The foregoing is not a complete description of the Separation Letter and is qualified by reference to the full text and terms of the Separation Letter, which is filed as Exhibit 10.1 to this report and incorporated herein by reference. In addition, the Employment Agreement was previously filed by the Company as Exhibit 10.6 to the Company’s Registration Statement on Form S-1 filed on February 8, 2021.

 

 

 

 

Item 7.01 Regulation FD Disclosure.

 

A copy of a press release announcing Ms.

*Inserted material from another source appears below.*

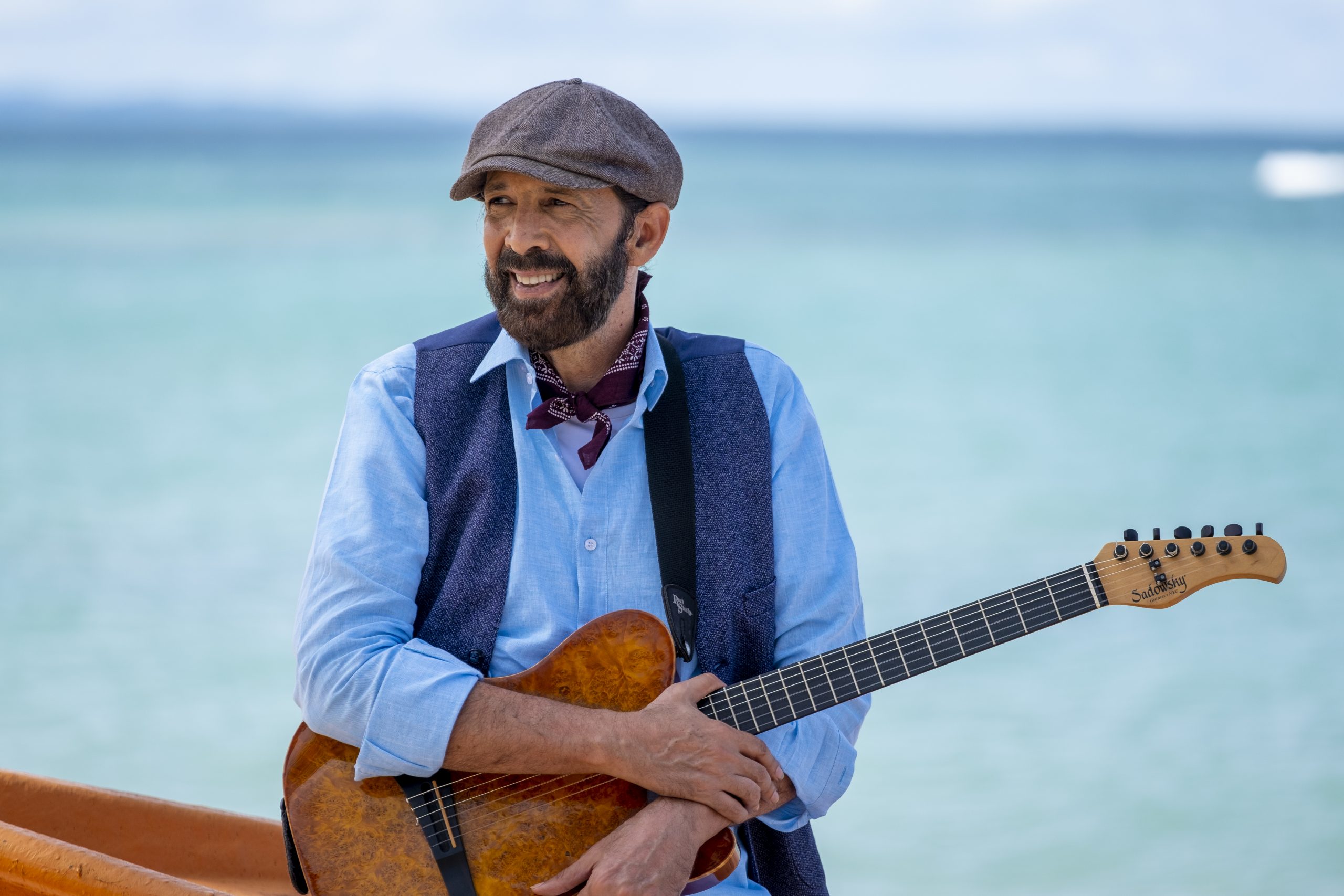 Juan Luis Guerra da positivo al COVID-19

Hewitt’s resignation and Mr. Blair’s appointment is furnished as Exhibit 99.1 to this Current Report on Form 8-K.

 

The information contained in Exhibit 99.1 hereto shall not be deemed “filed” for purposes of Section 18 of the Securities Exchange Act of 1934, as amended (the “Exchange Act”), nor shall it be deemed incorporated by reference in any filing under the Securities Act of 1933, as amended, or the Exchange Act, except as expressly set forth by specific reference in such filing.

 

Item 9.01 Financial Statements and Exhibits.

 

(d) Exhibits.

 

The following exhibits are filed as part of this report:

 

Exhibit#   Description
   
10.1   Separation Letter Agreement, dated as of January 1, 2022, by and between InnovAge Holding Corp. and Maureen Hewitt
     
99.1   Press Release of InnovAge Holding Corp., dated January 3, 2022
   
104   Cover Page Interactive Data file (formatted as Inline XBRL)

 

 

 

 

SIGNATURES

 

Pursuant to the requirements of the Securities Exchange Act of 1934, the registrant has duly caused this report to be signed on its behalf by the undersigned hereunto duly authorized.

 

   
Dated: January 3, 2022 INNOVAGE HOLDING CORP.